- [Available data]:
• • •

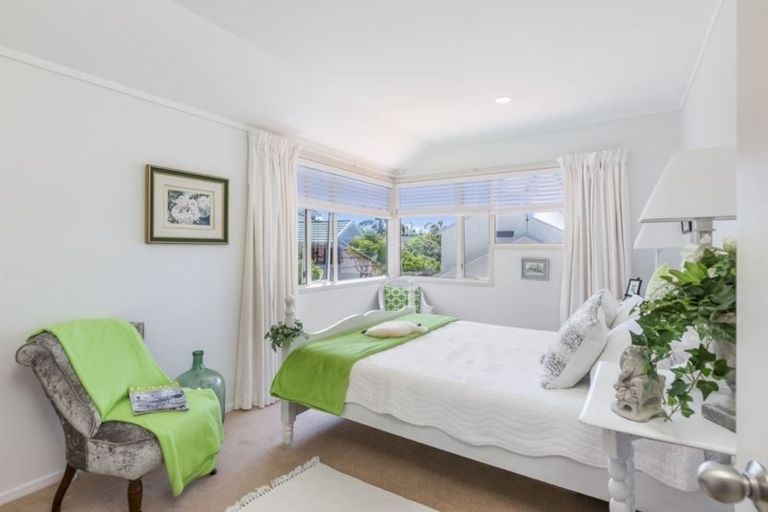 Photo of property in 896 Whangaparaoa Road, Manly, Whangaparaoa, 0930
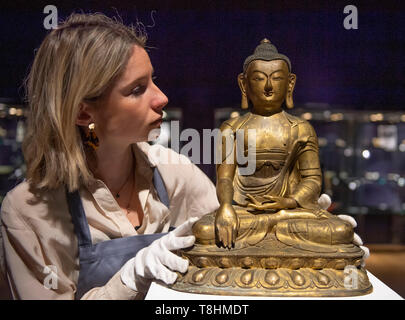 Bonhams, New Bond Street, Londra, Regno Unito. 13 maggio 2019. Un grande Gilt-Bronze figura del Buddha Shakyamuni, del XVII e XVIII secolo, porta ad una stima di £ 80,000-120,000 a fine Bonhams arte cinese vendita, che avrà luogo il 16 maggio 2019. Credito: Malcolm Park/Alamy Live News. Foto Stock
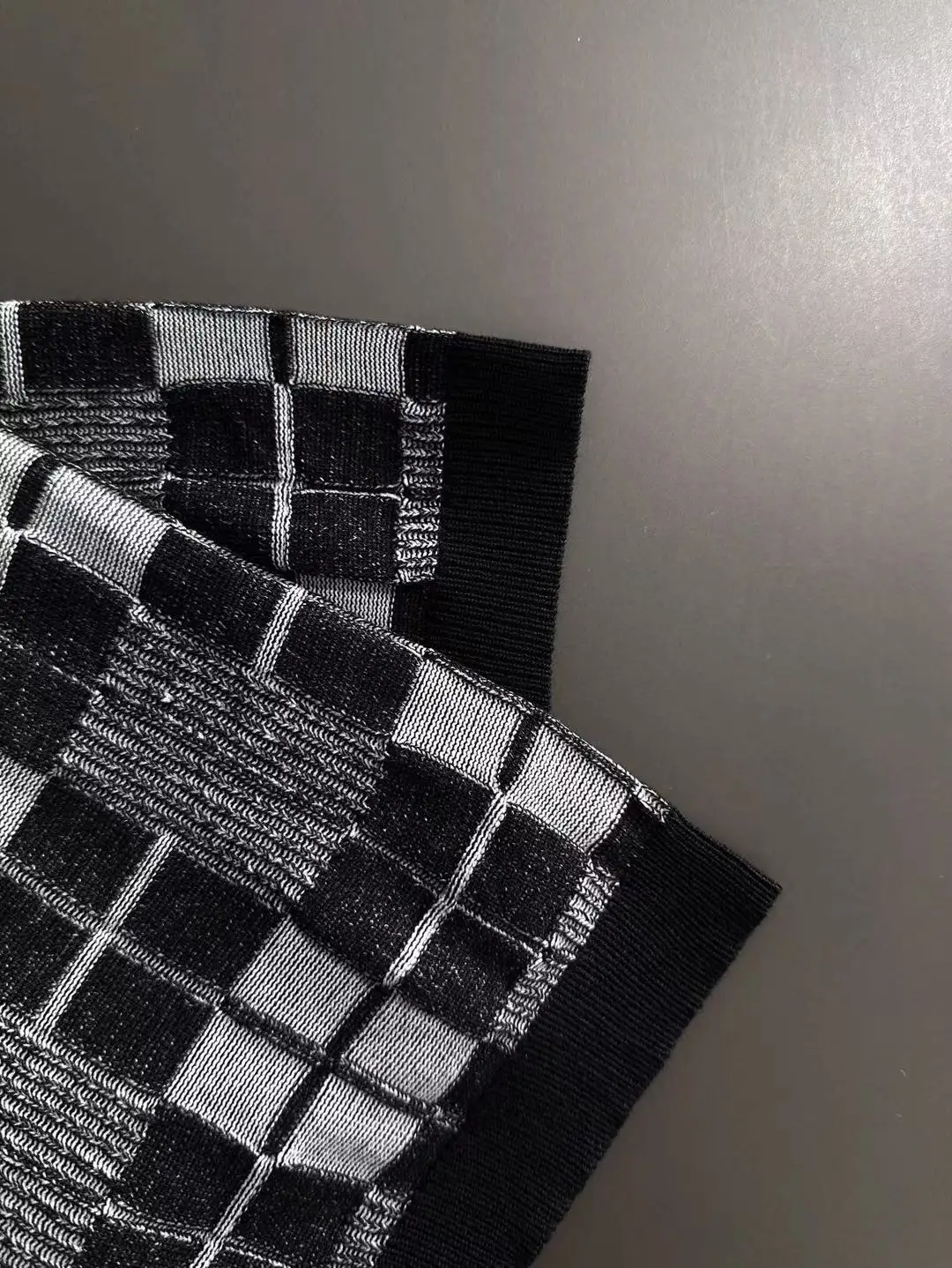 Checkered Knit Half-Zip Polo Shirt D20014783 — view 5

• • •

- [Activity]: Transcribe the material exactly, and leave out whatever pictures it holds.

- [Answer box]:
 Photo of property in 896 Whangaparaoa Road, Manly, Whangaparaoa, 0930
 Bonhams, New Bond Street, Londra, Regno Unito. 13 maggio 2019. Un grande Gilt-Bronze figura del Buddha Shakyamuni, del XVII e XVIII secolo, porta ad una stima di £ 80,000-120,000 a fine Bonhams arte cinese vendita, che avrà luogo il 16 maggio 2019. Credito: Malcolm Park/Alamy Live News. Foto Stock
 Checkered Knit Half-Zip Polo Shirt D20014783 — view 5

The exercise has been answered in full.